Health systems were hit hard because of the pandemic, and the ramifications have not been fully realized. As S&P Ratings notes, “Early 2023 financial results indicate mixed performance as revenues and demand are generally healthy but expenses, both labor and non-labor, remain elevated for many health care providers. Our sector view remains negative.”[9]

Although technically the US has not experienced a recession during this period of disruption, the risk of one occurring is concerning. The likelihood of ongoing operational challenges and general economic malaise continuing remains high whether a technical recession occurs. Health systems’ balance sheets are weaker, profit margins are thinner, and market returns remain volatile, making operators less capable of weathering a broader macroeconomic shock.

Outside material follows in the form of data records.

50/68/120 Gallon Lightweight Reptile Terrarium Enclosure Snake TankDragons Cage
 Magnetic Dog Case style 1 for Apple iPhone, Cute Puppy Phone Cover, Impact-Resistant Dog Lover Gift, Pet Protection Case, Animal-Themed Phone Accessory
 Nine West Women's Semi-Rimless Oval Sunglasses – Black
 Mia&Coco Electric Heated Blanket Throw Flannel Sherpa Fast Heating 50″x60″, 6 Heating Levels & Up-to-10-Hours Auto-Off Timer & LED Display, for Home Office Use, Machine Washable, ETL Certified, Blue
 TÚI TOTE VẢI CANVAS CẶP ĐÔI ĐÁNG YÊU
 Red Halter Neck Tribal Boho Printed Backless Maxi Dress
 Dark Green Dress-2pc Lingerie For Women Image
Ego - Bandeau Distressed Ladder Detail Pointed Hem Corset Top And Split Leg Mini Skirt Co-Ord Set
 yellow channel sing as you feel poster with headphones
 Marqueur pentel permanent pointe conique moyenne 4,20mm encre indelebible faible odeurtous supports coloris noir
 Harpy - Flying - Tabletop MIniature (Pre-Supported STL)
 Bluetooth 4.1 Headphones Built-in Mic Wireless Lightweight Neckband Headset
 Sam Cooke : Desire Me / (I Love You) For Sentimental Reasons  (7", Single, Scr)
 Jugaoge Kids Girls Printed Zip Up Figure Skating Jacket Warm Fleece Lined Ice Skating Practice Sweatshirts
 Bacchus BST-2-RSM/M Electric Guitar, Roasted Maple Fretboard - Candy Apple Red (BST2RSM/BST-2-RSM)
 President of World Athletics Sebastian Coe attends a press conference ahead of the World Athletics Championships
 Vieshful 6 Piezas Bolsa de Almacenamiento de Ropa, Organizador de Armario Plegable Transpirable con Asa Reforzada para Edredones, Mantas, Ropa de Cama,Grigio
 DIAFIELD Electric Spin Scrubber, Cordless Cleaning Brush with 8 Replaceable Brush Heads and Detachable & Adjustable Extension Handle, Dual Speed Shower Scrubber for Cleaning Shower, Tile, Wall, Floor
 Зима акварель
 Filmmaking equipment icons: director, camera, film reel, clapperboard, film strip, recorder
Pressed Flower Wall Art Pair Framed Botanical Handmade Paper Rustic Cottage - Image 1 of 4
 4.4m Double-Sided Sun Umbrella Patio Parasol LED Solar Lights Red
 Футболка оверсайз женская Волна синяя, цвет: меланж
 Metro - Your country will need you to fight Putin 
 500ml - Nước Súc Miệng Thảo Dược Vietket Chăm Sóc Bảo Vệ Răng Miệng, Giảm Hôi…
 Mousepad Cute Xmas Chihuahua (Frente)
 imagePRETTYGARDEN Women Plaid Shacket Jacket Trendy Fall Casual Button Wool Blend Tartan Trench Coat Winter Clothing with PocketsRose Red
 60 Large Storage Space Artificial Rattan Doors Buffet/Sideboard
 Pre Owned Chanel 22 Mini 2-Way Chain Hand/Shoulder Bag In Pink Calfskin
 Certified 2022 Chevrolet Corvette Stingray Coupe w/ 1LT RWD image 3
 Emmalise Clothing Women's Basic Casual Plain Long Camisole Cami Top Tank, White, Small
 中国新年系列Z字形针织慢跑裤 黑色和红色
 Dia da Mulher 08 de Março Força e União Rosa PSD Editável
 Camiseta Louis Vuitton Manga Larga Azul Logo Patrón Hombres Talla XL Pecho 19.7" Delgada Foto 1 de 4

Health systems are thus in a unique position in today’s economy. Management teams are dealing with unprecedented levels of financial duress and disruption, but we have yet to see the technical advent of a recession, which will impact the broader US economy in both expected and unexpected ways. Health system management teams need to be nimble and ready for an economic shock that could impose additional strain on their ability to service communities and thrive as leaders of successful enterprises.

Hopefully recent financial challenges caused by the pandemic are a wakeup call or at least solid training ground for a future recession so that management teams are not caught flatfooted. In the end, management teams that have strong boards of trustees, systems, and operating mechanisms in place to weather an economic crisis will be best positioned to grow and succeed.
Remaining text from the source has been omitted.